You overlook a lot when your silence and blindness is paid for from an early age. Maybe that’s why I ignored all the warning lights and sirens. Maybe that’s why I was blindsides when my father was pulled away from the dinner table while I was home for my birthday four weeks ago, in handcuffs by Federal Agents who’d just busted our front door in.
But hindsight is twenty-twenty. And now, it all makes complete sense to me.
I always knew my dad worked in investing. He was a money manager of some kind, I guess. Except you don’t get hauled away by the FBI for managing people’s money. You get hauled away for mis-managing it.
Or stealing it.
You hear the words “Ponzi scheme” a lot, but when you hear it in the context of charges being levied at your dad, it takes on a whole new gravity. And in the span of twenty-four hours, my entire world changed.
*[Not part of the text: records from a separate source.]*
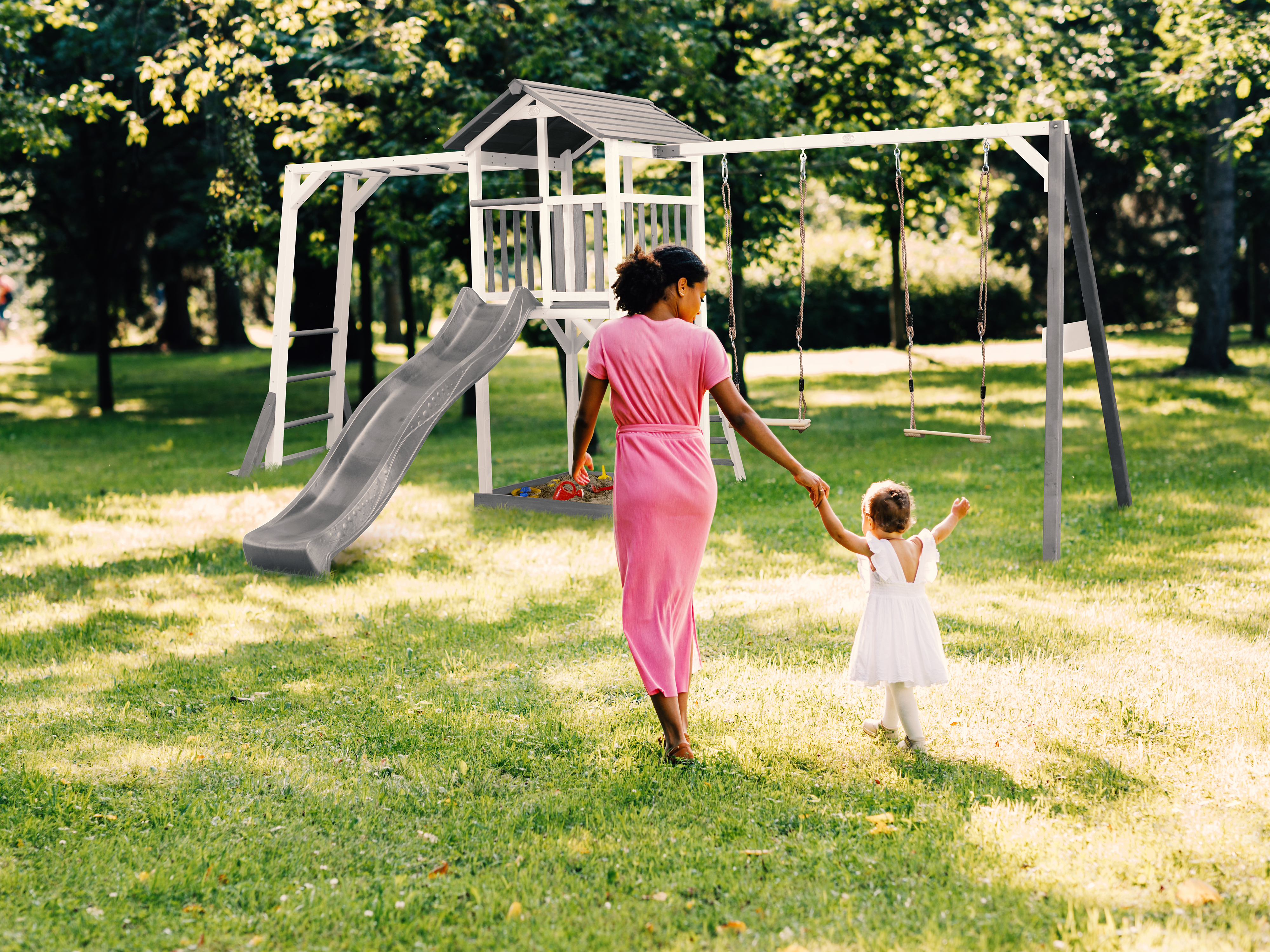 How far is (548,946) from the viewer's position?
3.50 meters

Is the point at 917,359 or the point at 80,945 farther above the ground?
the point at 917,359

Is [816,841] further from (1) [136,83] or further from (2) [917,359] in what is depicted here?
(2) [917,359]

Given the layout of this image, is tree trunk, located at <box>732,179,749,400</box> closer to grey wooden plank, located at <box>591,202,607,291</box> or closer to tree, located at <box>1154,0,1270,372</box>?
grey wooden plank, located at <box>591,202,607,291</box>

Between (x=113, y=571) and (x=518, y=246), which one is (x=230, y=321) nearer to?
(x=518, y=246)

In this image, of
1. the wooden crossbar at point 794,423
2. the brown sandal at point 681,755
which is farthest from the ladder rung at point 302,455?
the brown sandal at point 681,755

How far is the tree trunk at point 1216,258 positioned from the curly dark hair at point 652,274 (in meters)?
16.8

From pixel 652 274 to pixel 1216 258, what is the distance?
17993 mm

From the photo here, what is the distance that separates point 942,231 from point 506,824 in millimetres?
42535

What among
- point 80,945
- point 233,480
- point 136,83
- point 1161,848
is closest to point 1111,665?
point 1161,848

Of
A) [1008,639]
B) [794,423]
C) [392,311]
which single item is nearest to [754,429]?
[1008,639]

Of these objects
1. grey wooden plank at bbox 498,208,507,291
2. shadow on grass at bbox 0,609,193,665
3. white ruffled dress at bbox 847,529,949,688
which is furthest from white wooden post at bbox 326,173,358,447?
white ruffled dress at bbox 847,529,949,688

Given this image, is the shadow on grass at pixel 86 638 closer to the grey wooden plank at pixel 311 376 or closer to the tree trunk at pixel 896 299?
the grey wooden plank at pixel 311 376

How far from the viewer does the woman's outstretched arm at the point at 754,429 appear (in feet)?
15.1

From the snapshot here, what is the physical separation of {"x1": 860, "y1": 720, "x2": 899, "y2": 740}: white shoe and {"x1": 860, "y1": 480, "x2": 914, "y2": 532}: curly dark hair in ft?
2.86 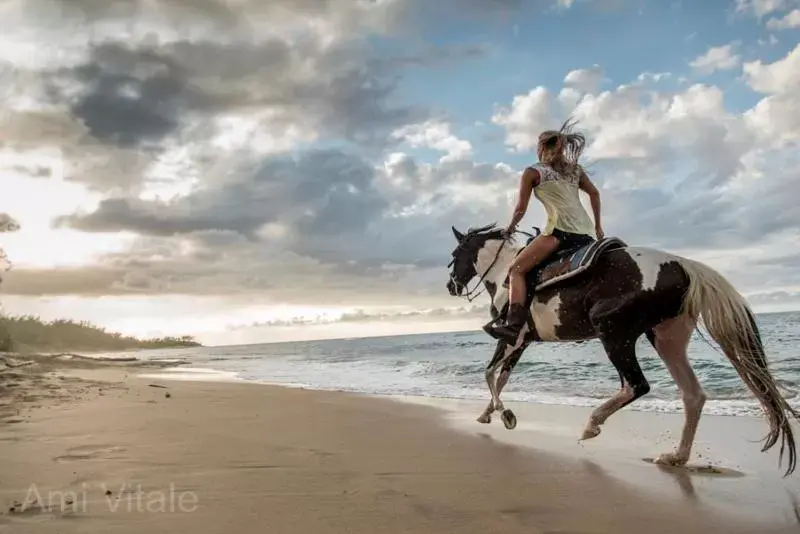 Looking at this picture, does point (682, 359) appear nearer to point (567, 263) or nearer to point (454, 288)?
point (567, 263)

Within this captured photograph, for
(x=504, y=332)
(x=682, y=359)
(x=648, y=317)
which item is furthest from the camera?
(x=504, y=332)

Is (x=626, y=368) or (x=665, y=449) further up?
(x=626, y=368)

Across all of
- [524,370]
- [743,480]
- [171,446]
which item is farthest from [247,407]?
[524,370]

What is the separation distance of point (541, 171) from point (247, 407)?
5924mm

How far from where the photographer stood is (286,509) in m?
3.34

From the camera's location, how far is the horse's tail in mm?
4535

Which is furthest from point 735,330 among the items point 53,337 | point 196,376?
point 53,337

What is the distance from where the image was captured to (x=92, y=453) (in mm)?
4859

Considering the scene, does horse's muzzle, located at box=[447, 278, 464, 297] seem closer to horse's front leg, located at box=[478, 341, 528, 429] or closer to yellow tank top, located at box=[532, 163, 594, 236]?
horse's front leg, located at box=[478, 341, 528, 429]

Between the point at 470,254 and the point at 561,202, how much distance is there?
1867 mm

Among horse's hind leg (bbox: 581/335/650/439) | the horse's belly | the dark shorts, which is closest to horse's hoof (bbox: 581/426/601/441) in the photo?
horse's hind leg (bbox: 581/335/650/439)

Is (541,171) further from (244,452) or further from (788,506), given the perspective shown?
(244,452)

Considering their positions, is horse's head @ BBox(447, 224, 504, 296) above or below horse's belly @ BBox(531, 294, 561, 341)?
above

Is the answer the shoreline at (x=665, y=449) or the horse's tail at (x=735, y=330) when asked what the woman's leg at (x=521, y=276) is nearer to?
the shoreline at (x=665, y=449) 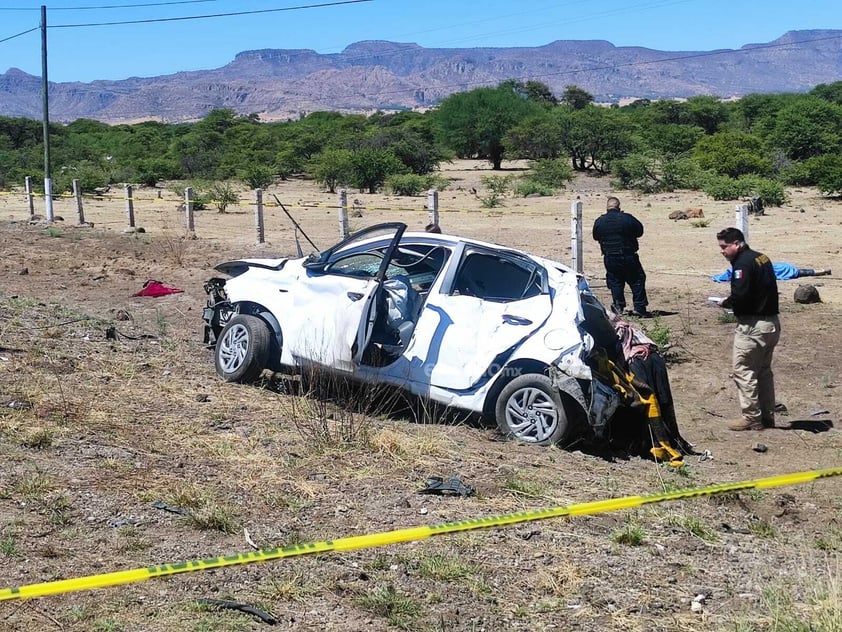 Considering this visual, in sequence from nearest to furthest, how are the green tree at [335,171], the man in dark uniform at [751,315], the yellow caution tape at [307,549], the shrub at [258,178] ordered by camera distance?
1. the yellow caution tape at [307,549]
2. the man in dark uniform at [751,315]
3. the green tree at [335,171]
4. the shrub at [258,178]

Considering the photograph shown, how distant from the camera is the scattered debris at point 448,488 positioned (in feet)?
22.0

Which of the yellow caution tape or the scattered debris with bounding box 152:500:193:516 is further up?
the yellow caution tape

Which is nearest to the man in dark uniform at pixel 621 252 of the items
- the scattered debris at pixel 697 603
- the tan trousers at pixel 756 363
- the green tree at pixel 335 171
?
the tan trousers at pixel 756 363

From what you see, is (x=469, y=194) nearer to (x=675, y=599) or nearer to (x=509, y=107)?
(x=509, y=107)

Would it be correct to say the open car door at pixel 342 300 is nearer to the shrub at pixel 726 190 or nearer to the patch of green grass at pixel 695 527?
the patch of green grass at pixel 695 527

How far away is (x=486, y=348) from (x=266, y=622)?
4059 millimetres

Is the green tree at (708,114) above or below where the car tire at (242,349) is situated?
above

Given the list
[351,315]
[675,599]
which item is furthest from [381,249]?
[675,599]

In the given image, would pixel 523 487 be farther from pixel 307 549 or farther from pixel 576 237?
pixel 576 237

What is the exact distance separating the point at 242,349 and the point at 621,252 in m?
6.18

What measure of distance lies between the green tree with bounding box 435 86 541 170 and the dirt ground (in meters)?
47.6

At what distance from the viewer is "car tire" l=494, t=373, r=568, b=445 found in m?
8.21

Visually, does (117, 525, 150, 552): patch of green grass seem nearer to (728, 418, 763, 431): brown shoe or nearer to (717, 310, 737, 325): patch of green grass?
(728, 418, 763, 431): brown shoe

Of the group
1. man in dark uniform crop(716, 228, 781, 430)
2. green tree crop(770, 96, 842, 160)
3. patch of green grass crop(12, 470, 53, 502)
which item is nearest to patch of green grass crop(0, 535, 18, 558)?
patch of green grass crop(12, 470, 53, 502)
First, Geraldine, my stepmom, bailed. And she bailed fast. She emptied as much as she could from their joint accounts, took one of my dad’s planes, and flew off to the Mediterranean to one of his yachts moored at Mykonos to start ramrodding through a divorce on the grounds of “mental distress and financial abuse.” Whatever the fuck that means.
Then, right after he posted his fifty-million-dollar bail, dad bounced, too. And to where is the great mystery that I, Geraldine’s lawyers, his own lawyers, and the United States Government would love to know the answer to.
But absent or not, dad hired some amazing lawyers who managed to bring gag orders down on the entire thing until he can be found. So, it’s not in the news. No one at school knows that my father is behind one of the largest Ponzi schemes ever, or that possibly even some of their own parents are affected.
No one knows that one of my father’s lawyers finally reached out to me to let me know that “my father and them” had agreed that the best place for me was to just stay at school until they could “resolve the misunderstanding.”
Right, “misunderstanding.” Like someone got their facts mixed up about my dad embezzling billions from the fund he ran.
So, stay at school. Keep my head down. Keep smiling and pretend everything’s fine? Well, that sucks, but it’s doable. Or, it was doable, until the other shoe dropped. Because you know what happens when you’re wanted for fraud, embezzlement, and securities crimes and you skip out on bail?”
…They freeze your accounts. All of them. And all of a sudden, you start to realize how meaningless those little plastic cards in your purse are with nothing behind them.
I got one call from one of his lawyers telling me what was happening. But his only advice was to “keep my head down” until they reached out. A week after that though, I sort of stopped hearing from them. No one answers my calls. No one returns emails. Nothing.
I know, poor little rich girl, right? But when your entire life is credit cards and shopping accounts, it can fall apart real quick, let me tell you. I wasn’t in immediate danger. I mean, I was at boarding school, which has a Michelin-chef-run dining hall. So, it’s not like I was going to have to sleep on a park bench or go hungry. But, that’s only good through the end of the semester. And after that, I’m not exactly sure how I’m supposed to pay the fifty grand for the second half of the school year at Winchester.
Oh, and if that wasn’t enough to worry about? Well, it turns out it wasn’t just rich country-club types my dad stole from. He also, in his infinite wisdom, decided to steal money from—
“Well well well! Look who we got here!”